Buy wonderful businesses, for a fair price, and hold them forever.

-Warren Buffet (paraphrased)

It hit me while I was watching a lecture by the legendary value investor, Monish Pabrai. There are great businesses, and then there are great investments. Amazon, PayPal, Disney and Nvidia are all wonderful businesses, but at the time of purchase, they weren’t great investments (at least not in the short-term).

Hedge fund managers that beat the S&P year-in, and year-out, understand the market dynamic. They buy a stock when the market isn’t paying attention to it, and sell it when it when it becomes the talk of the town.
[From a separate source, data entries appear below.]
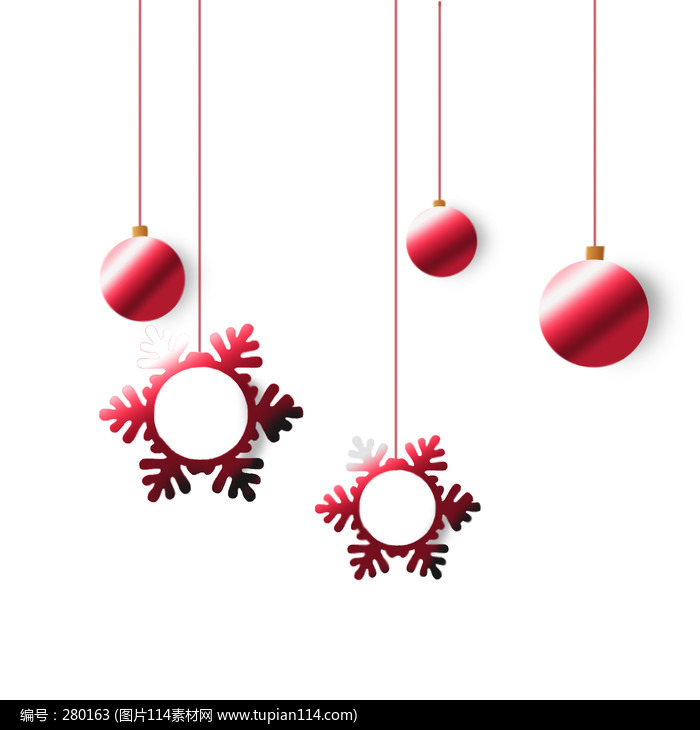 ʥ����ʥ��װ��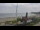 Webcam in Ostseebad Damp, 4.2 mi away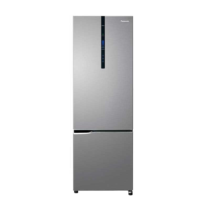 Panasonic NR-BC360XSPH 11.3 cu.ft. Two Door Refrigerator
From Russia With Cash: Seeding a Hedge Fund - The New York Times

Take oil stocks for example. Who bought oil stocks when WTI crude dropped into negative territory? And if they did, who kept them as oil when from $0 to $87/barrel. A few, if even. Most people were too busy focusing on overvalued EV stocks.

So, how do you find such great investments?

1. Buy Low, Sell High

This Chart Made Peter Lynch a Legend and is Now Helping Me Find Undervalued  Gems - Profit Hunter by Equitymaster
The “Peter Lynch Chart”

The stock market is the culmination of arrogant degenerates trading shares of ownership in a business for cash. They buy when they think they are getting a great deal, and sell when they think they made a spectacular return on their investment.
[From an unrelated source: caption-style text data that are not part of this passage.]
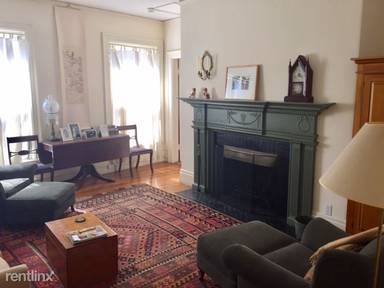 Main picture of 66 Beacon St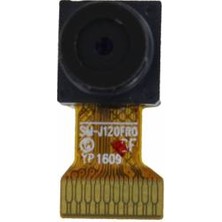 Teknonet Samsung Galaxy J100 J1 Uyumlu Arka Kamera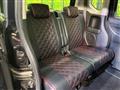 2012 Honda N BOX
The market is not dictated by robots, therefore it is left up to interpretation whether a stock is cheap, or overvalued. Like I said above, the market is made up of arrogant degenerates, meaning that there will always been room for mispricing.

The former Fidelity manager, Peter Lynch, looked at the correlation between share price and earnings to determine whether a stock was mispriced. If the share price of a great business fell under 15x TTM earnings, it was a buy.
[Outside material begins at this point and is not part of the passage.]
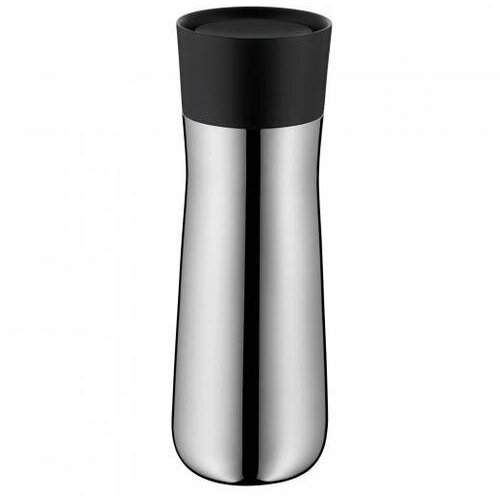  TERMOS BOCA 0,35l INOX 3201000308 WMF Cene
Apple Inc Stock Report | - GuruFocus.com

Apple was a great business, even in 2012. You could’ve bought Apple’s stock at any point between 2012-2017 and made a killing. Alas, if you buy it now at nearly 30x TTM earnings, are you still getting into a great investment? Possibly, but highly unlikely.

The truth is, most of the time you aren’t going to get a great investment with “wonderful businesses,” even if you buy the stock under 15x TTM earnings. That is, unless you hold them “forever.”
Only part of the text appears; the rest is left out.